2. Get out of your comfort zone
“I don’t know how to be in a relationship!” Have you thought about this recently? If so, the fear of the unknown might be getting in your way of finding or starting a relationship.
But, there is no right way to be in a relationship.
Each relationship is different, because the people that are in it are unique, too. Instead of worrying about how to find a relationship or how relationships start, get out there and try!
Getting out of your comfort zone and meeting people, asking for what you want, and making a move are the way to find the answers to your questions.
If you’re concerned that you might get rejected, read on for tips on managing that potential (and likely) outcome.
3. Practice rejection
Rejection is terrifying. We tell ourselves all kinds of stories about why someone rejects us, and then we feel truly awful.
The truth is, a lot of the stories we are telling ourselves are untrue and aren’t based on real evidence.
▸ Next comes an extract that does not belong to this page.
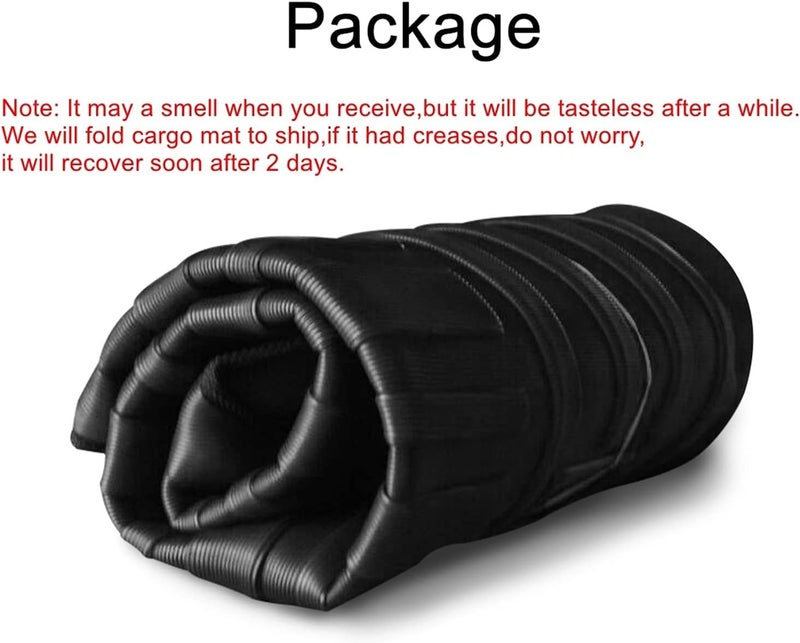 Wivplex Rear Car Trunk Boot Liner for Lexus RX Series - Image 4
We don’t generally ask someone why they tell us no, or are rejecting us. So, we don’t get the real answer.
Instead, we go into emotional distress, decide we’re not pretty/thin/smart/successful enough, and hide from love.
What if someone is saying they’re not interested because they just got out of a relationship or had a traumatic event happen in their life? What if they also think they aren’t good enough and are avoiding getting hurt themselves?
We don’t often consider that the other person has valid reasons that very likely have nothing to do with us.
To get better at handling rejection, you might try setting yourself up for rejection on purpose. This might sound crazy, but the only way to get comfortable with something is to do it often.
Watch this video on 100 Days of Rejection for some creative ways to practice this important life skill!
4. Drop your expectations
Society, and our own beliefs, have set us up with an intricate web of expectations regarding relationships and partners. We believe so many things “should” or “have to” happen to find love.
Part of learning how to be in a relationship is recognizing those expectations and letting them go.
If you notice you entertain questions and thoughts that suggest a relationship should go a certain way, notice them and ask yourself why that has to be true?
Questions like “how long does it take to love someone” for example, don’t have real answers and create expectations and standards that often lead to disappointment.
I’ve worked with clients who fell in love in days, while others took years. Neither relationship is better or worse than the other. They are completely different but completely healthy.
Instead of focusing on what should happen, try bringing yourself to the present of what is happening and notice how that feels instead. If you’re happy with where you are, let that guide you to where you want to be!
5. Practice relationship skills
Whether you’re in a relationship or not, having some core relationship skills under your belt can enhance your experience and success.
Knowing how to interact with a partner, listening, and arguing compassionately are integral ingredients for a healthy relationship.
Here are a few of the most important relationship-building skills to consider adding to your “how to be in a relationship” toolkit:
- Communication (You talk about things when they come up, including feelings, fears, and thoughts.)
- Active listening (You can listen to what your partner is saying, notice their body language and tone, and aren’t listening only to respond with your thoughts.)
- Perspective-taking and Empathy (You take a step back and try to understand how the other person feels even if you don’t agree with why they’re feeling that way)
- Curiosity (You ask questions to deepen your understanding instead of trying to get your message heard. You try not to argue, but to better see why your partner feels the way they are.)
- Vulnerability (You are authentic, honest and share things even when it feels scary. This helps build trust)
- Self-soothing (You can handle your own emotions, and try not to put your emotional burdens on your partner. You handle your stress and anxiety and don’t ask your partner to do it for you.)